Thomas Cook Accused of Putting Cost Before Customers Over Corfu Deaths
Thomas Cook has a tendency to protect costs ahead of customer experience, a review into the travel firm's health and safety practices following the deaths of two children at one of its resorts found.
Bobby and Christi Shepherd from West Yorkshire died while on holiday in Corfu with their parents in
October 2006.
The youngsters, aged six and seven, were overcome by carbon monoxide fumes from a faulty boiler and died at the Louis Corcyra Beach Hotel on the Greek holiday island.
An inquest into their deaths earlier this year found the tour operator had “breached their duty of care”, and that they had been unlawfully killed.
A report into Thomas Cook's customer, health, safety, welfare and crisis management concluded that parts of the business were putting financial priorities ahead of customers' needs.

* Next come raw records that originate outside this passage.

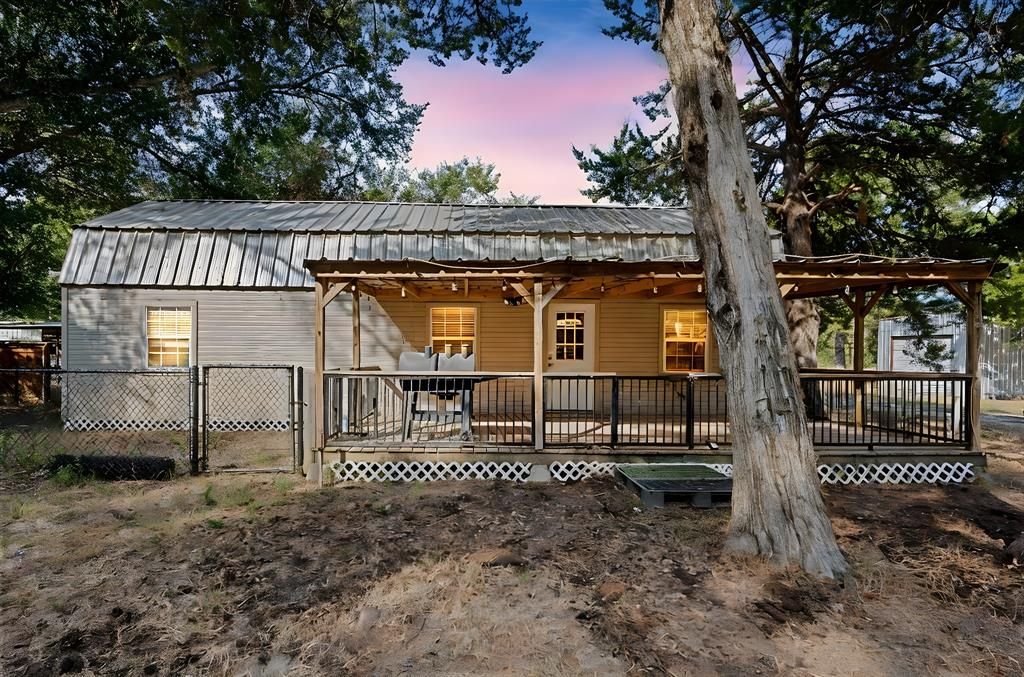 134 Maple Avenue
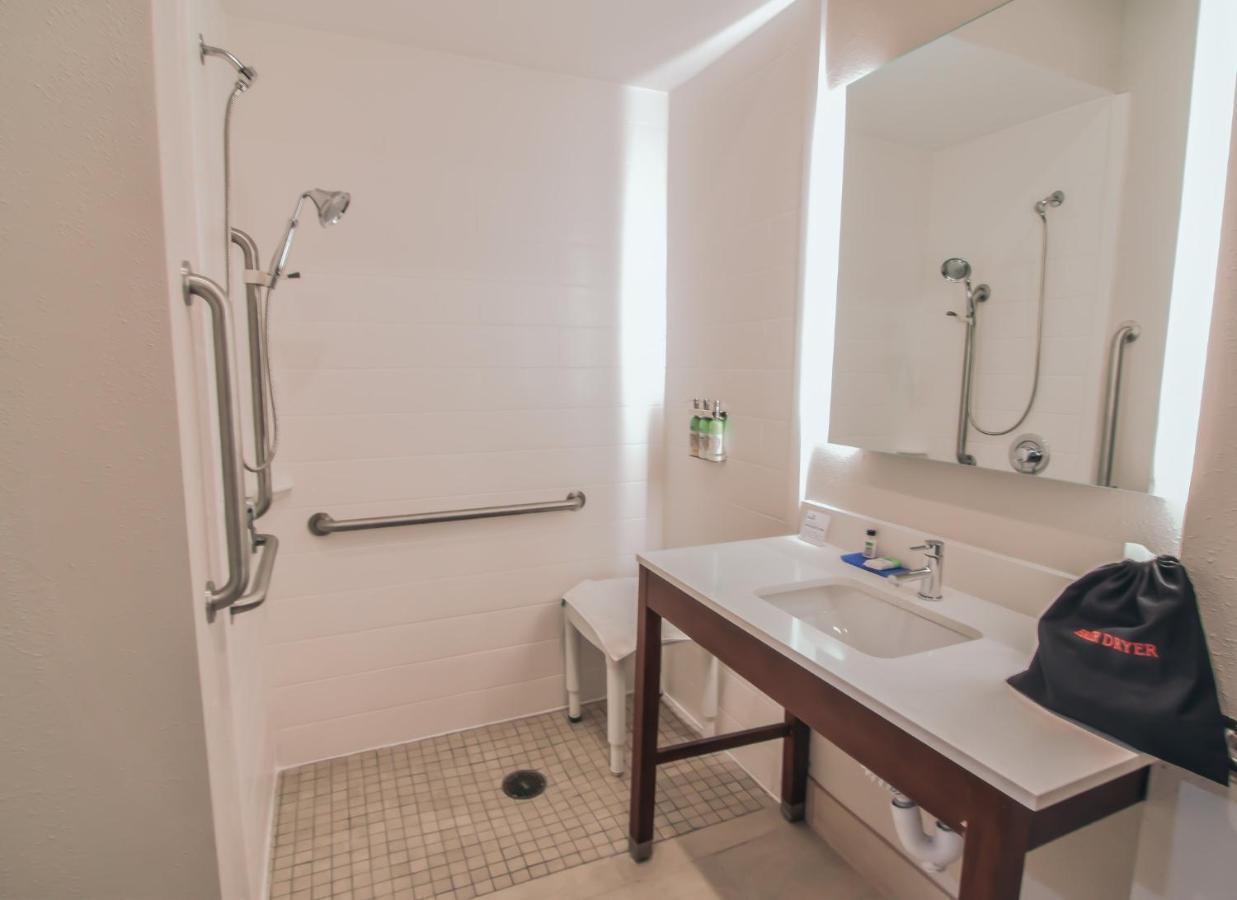 Holiday Inn Express & Suites - Indianapolis Northwest By Ihg מראה חיצוני תמונה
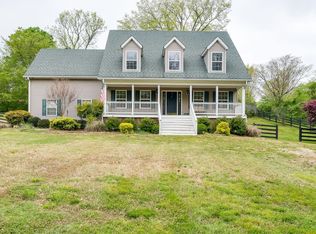 2023 Newcastle Rd, Spring Hill, TN 37174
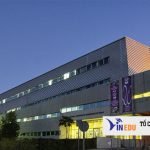 Đại Học Vigo – University of Vigo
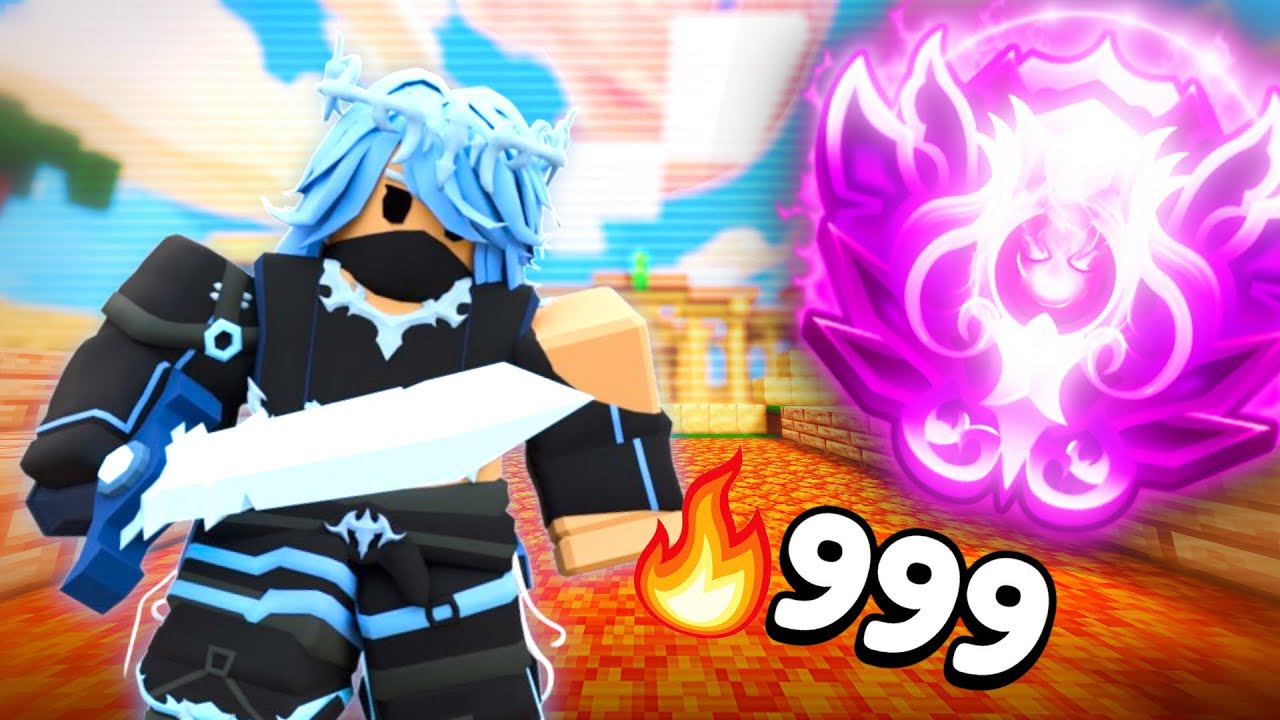 Cooking As Elektra! (Roblox Bedwars)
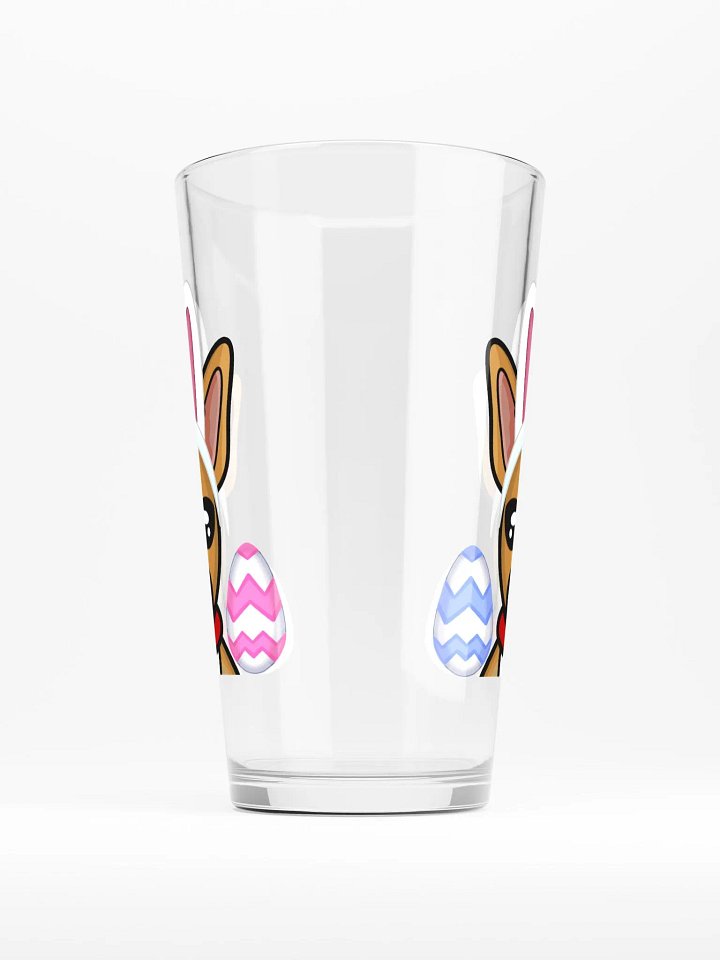 EASTER HENRY PINT GLASS product image (2)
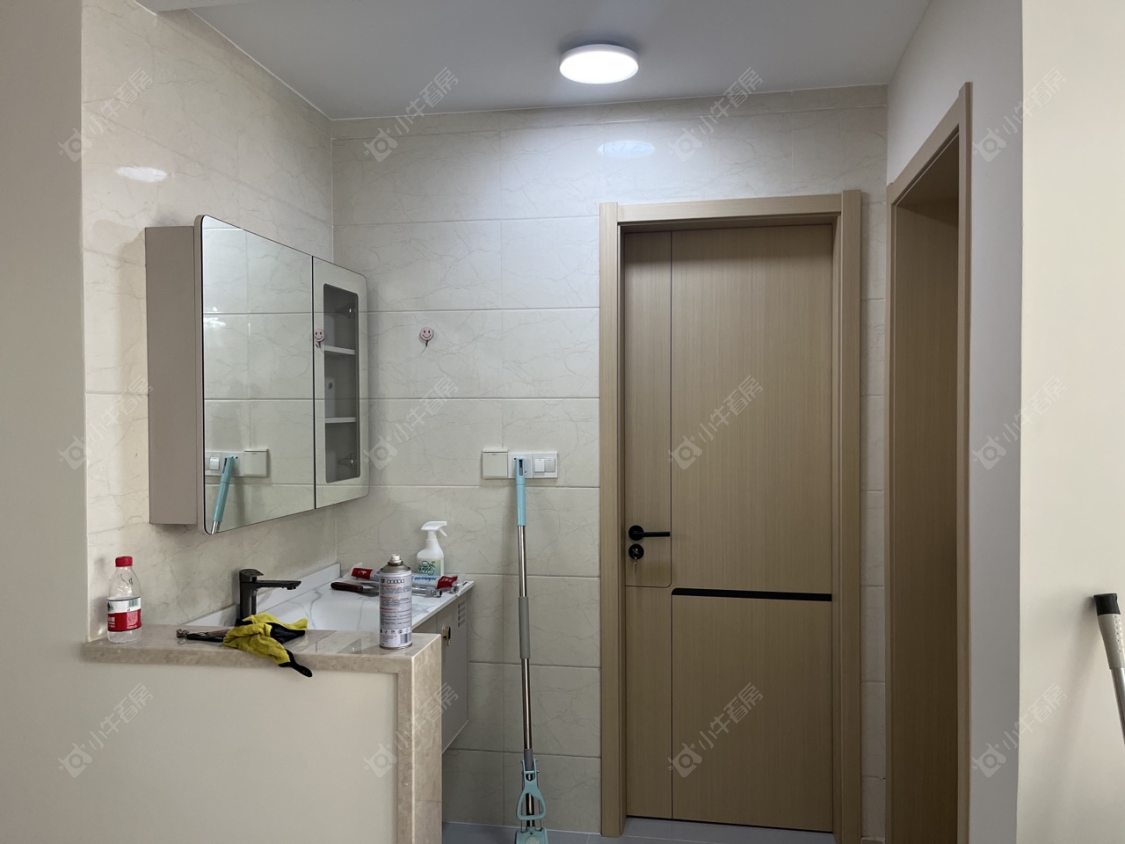 常州牡丹水岸国际在租房源户型图_小牛看房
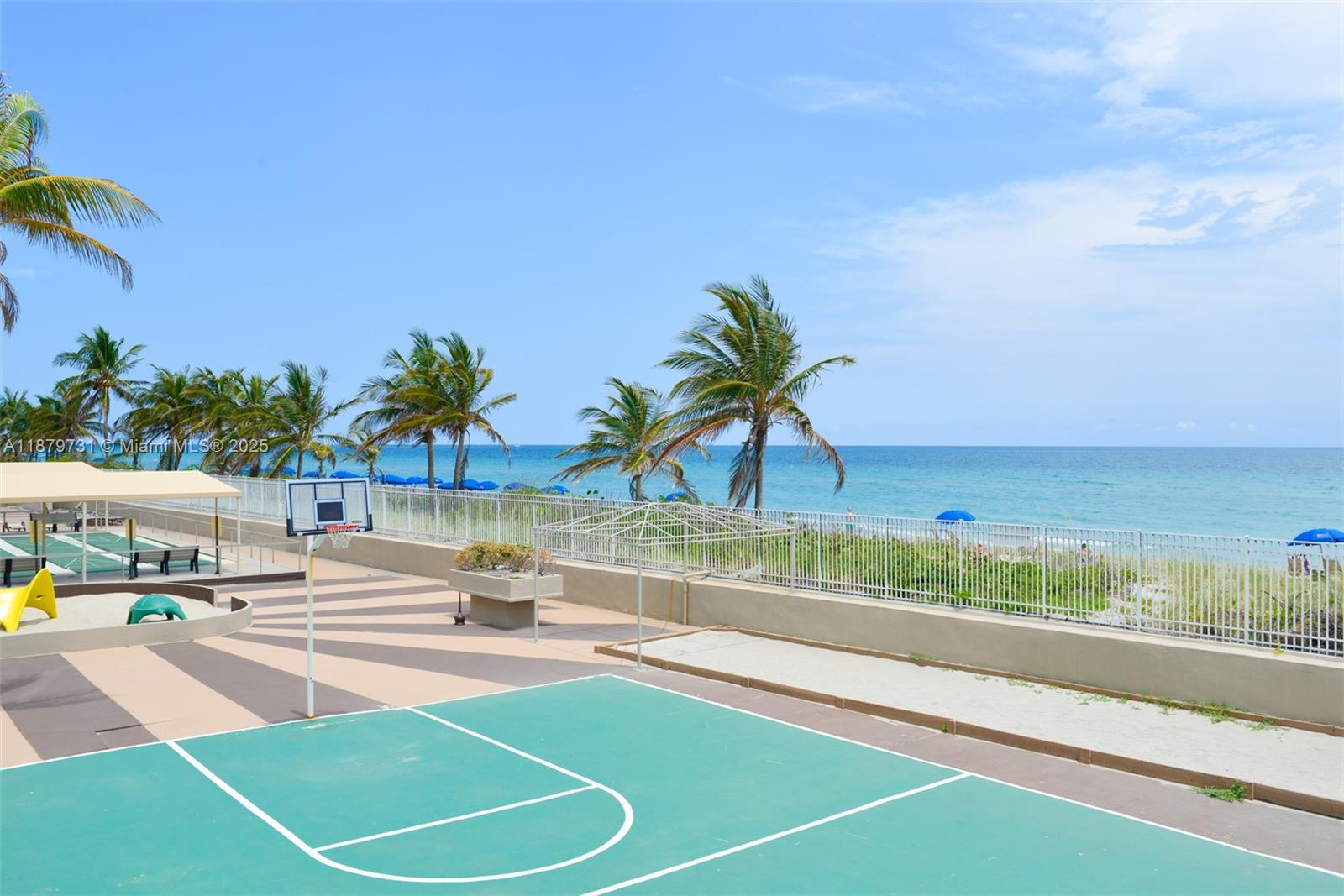 1985 S Ocean Dr # 6F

The report, carried out by former Sainsbury's chief executive Justin King, found that processes for crises or incidents which have a major impact on customers “is set up for success and appears to work well”.
But it said: “Individual profit centres such as the 'airline' and 'destination management' (divisions) have a tendency to protect cost rather than maximise the customer experience.
“Their approach is closer to 'What's the minimum we can do to solve the problem?' rather than 'What should we do to make this as good as we can?'. This is a cultural as much as a financial challenge.''
And while Thomas Cook has a “risk dashboard” process to identify key risks, “there is an over-emphasis on financial and reputational risk and less emphasis on customer consequences and outcomes than is appropriate”, the report found.